Pour en bénéficier, les voyageurs doivent se procurer un passe valable quatre mois et s’acquitter d’une caution de 10 à 20 euros qui leur sera remboursée s’ils ont effectué au moins 16 trajets d’ici la fin de l’année. Seuls les abonnements sont concernés, les tickets à l’unité n’étant pas pris en charge. 75 millions de trajets devraient être couverts par cette remise selon la Renfe, la société de chemins de fers espagnols.
En parallèle, le gouvernement a instauré une réduction de 30 % sur les tarifs des services de transport en commun, comme le bus et le métro, incitant par ailleurs les municipalités à faire un effort complémentaire. Une enveloppe totale de plus de 200 millions d'euros a été débloquée pour financer l’opération, qui pourra être prolongée "si nécessaire" selon Raquel Sánchez, la ministre des Transports.
Limiter les dépenses et l’empreinte carbone
Ces mesures exceptionnelles, annoncées en juillet dernier par le premier ministre Pedro Sanchez, visent à contrer la hausse des prix liée à la guerre en Ukraine, alors que l’inflation a dépassé cet été la barre des 10 %. L’objectif est également d’encourager l’usage des transports publics pour limiter l’empreinte carbone du pays. "Nous voulons soulager les citoyens qui souffrent beaucoup de l'augmentation des prix du carburant. L'initiative permet aux gens d’opter pour un moyen de transport plus durable et, en même temps, de réduire la facture énergétique de l'Espagne", souligne César Ramos, député du parti socialiste ouvrier espagnol, dans les pages du quotidien El País.
Sur les quatre mois du dispositif, les économies réalisées pourraient par exemple aller jusqu’à 370 euros pour une personne voyageant dans la région de Madrid, et même jusqu’à 1300 euros pour un usager régulier de la ligne Séville-Cadix d’après un communiqué du ministère des Transports, de la mobilité et des programmes urbains. Côté environnemental, "chaque trajet transféré d’un véhicule privé vers les transports collectifs permettra d’éviter en moyenne entre 73 % et 80 % d’émissions de CO2", affirme le ministère.
Vers une mobilité européenne plus durable
La gratuité permettra-t-elle d’amorcer une transition vers une mobilité plus durable ? Pour María Eugenia López, directrice adjointe du Centre de recherche sur les transports de l'Université polytechnique de Madrid, l’initiative est trop brève pour impulser un véritable changement. "C'est une bonne occasion pour réaliser un changement massif des moyens de transport, mais il est très optimiste de penser qu'avec une mesure aussi temporaire, les gens vont abandonner la voiture et passer au train", affirme-t-elle au journal El País. En outre, une partie du territoire, mal desservie par les réseaux régionaux et éloignée des grands centres urbains, ne bénéficie pas des remises.

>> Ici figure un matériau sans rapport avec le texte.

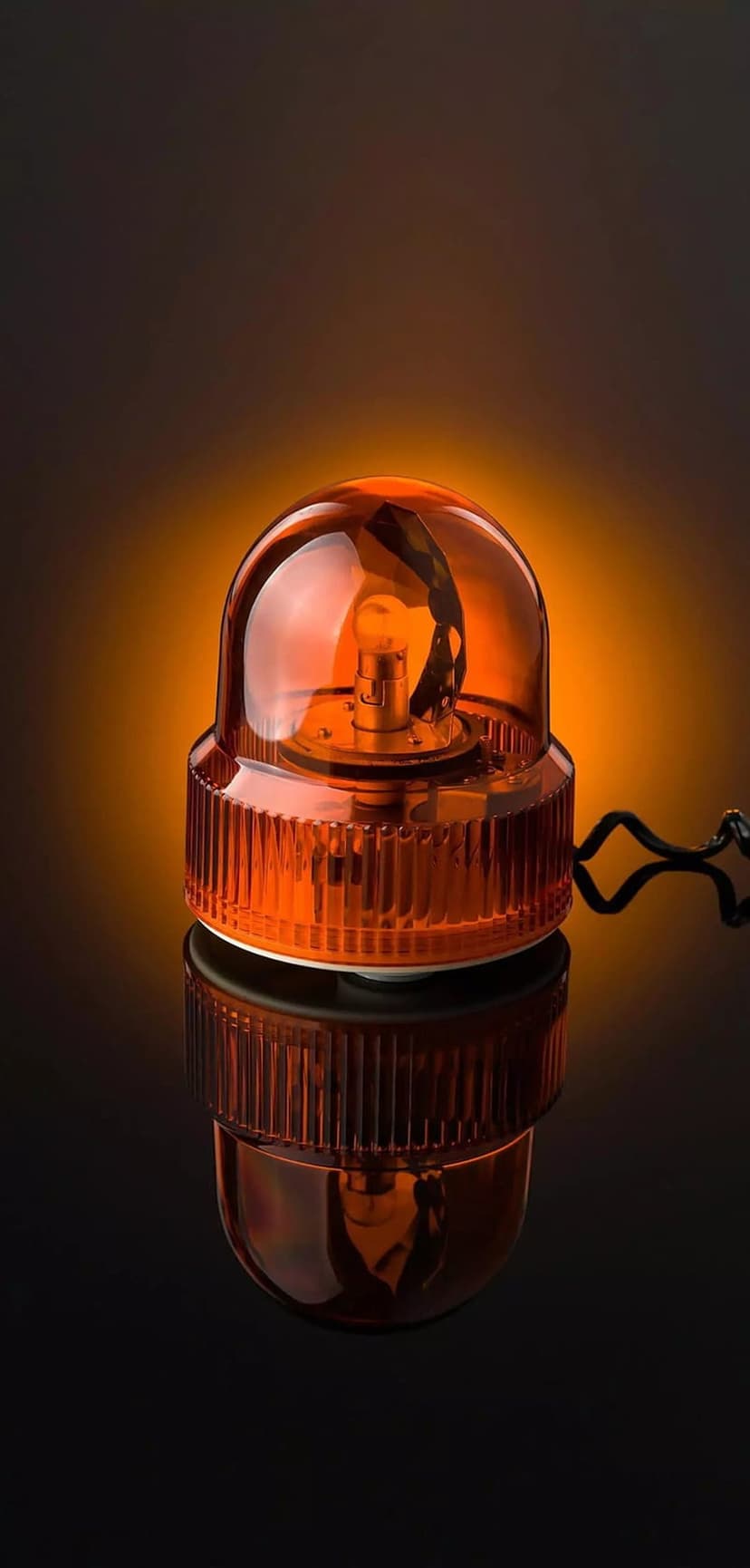 Orange emergency beacon with a ribbed amber dome reflects off a glossy black floor in a dark studio setting.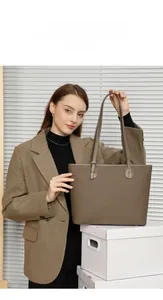 Close-up of a dark brown lychee texture leather tote bag with adjustable shoulder strap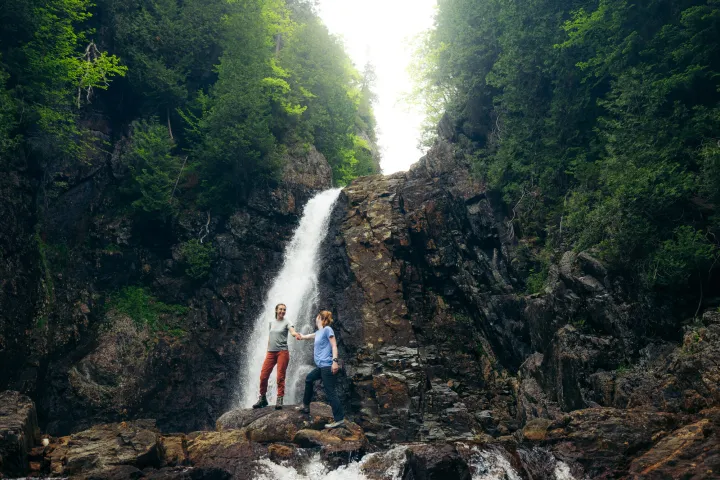 Two hikers in front of a waterfall.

Si certains experts pointent ainsi les limites de l'opération, l’Espagne s’inscrit dans une dynamique européenne croissante. Après l’Autriche, et son ticket climat à 3 euros par jour pour voyager sur l’ensemble des transports en commun du pays, l’Allemagne a lancé durant l’été un billet mensuel au prix de 9 euros. Une expérimentation qui a rencontré un franc succès, avec près de 52 millions de passes vendus en seulement trois mois, permettant d’éviter l’émission d’1,8 million de tonnes de CO2. En France, le déploiement d’une mesure similaire se fait attendre, malgré les appels des ONG environnementales.